| Material supplied |
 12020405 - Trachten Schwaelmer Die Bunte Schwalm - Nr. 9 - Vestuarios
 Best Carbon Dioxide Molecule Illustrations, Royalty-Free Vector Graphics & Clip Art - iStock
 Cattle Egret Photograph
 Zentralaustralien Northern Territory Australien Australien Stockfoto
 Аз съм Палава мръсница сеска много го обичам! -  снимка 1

...

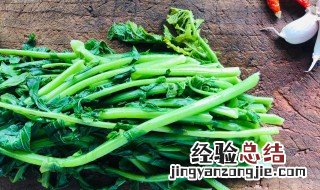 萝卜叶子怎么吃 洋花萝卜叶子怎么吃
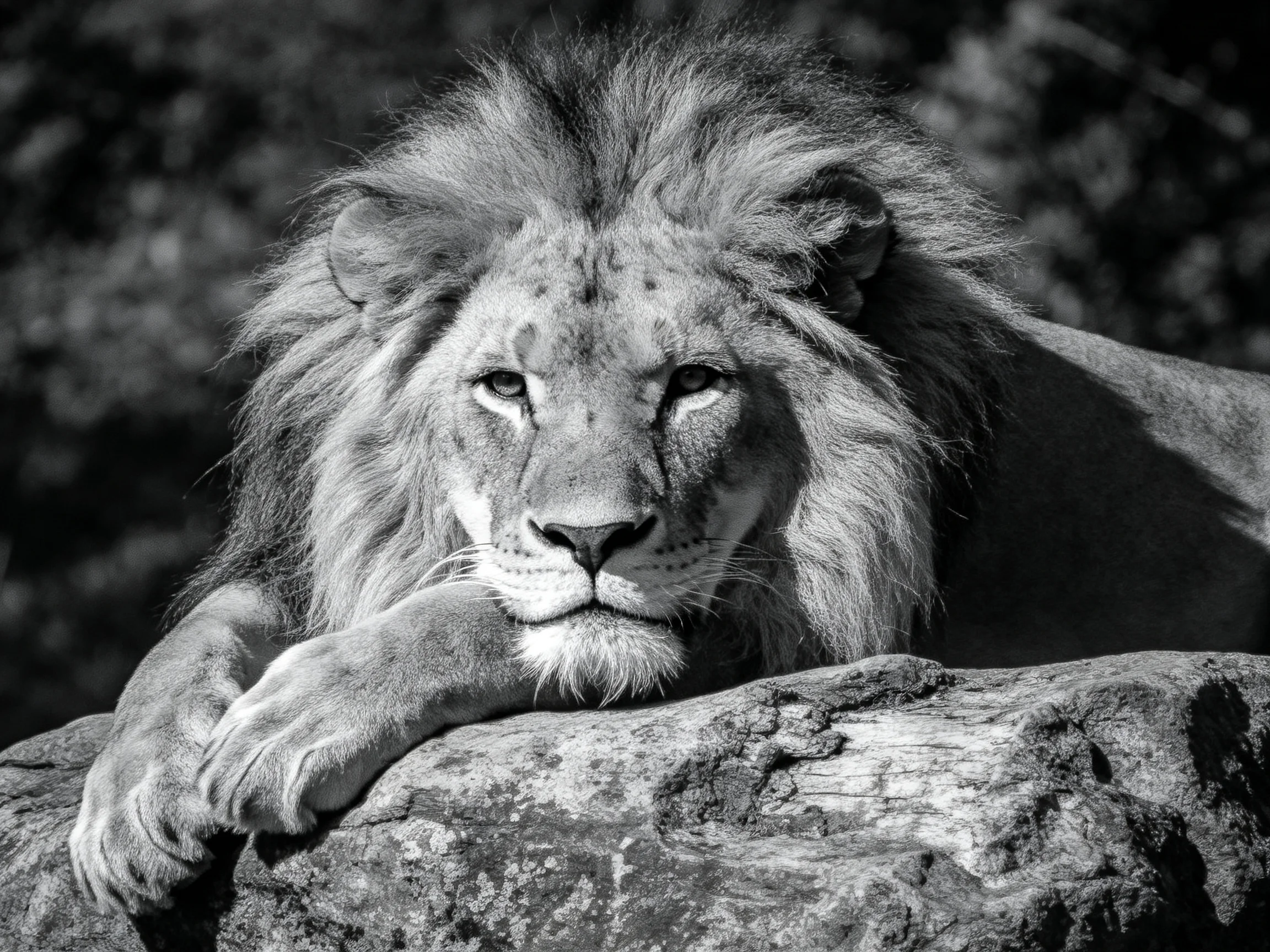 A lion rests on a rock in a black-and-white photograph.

| Problem details |
All lines in the listing above from the line containing "Best Carbon Dioxide" to the line containing "Аз съм Палава", inclusive, should be retyped exactly; no other lines should appear.

| Reply |
 Best Carbon Dioxide Molecule Illustrations, Royalty-Free Vector Graphics & Clip Art - iStock
 Cattle Egret Photograph
 Zentralaustralien Northern Territory Australien Australien Stockfoto
 Аз съм Палава мръсница сеска много го обичам! -  снимка 1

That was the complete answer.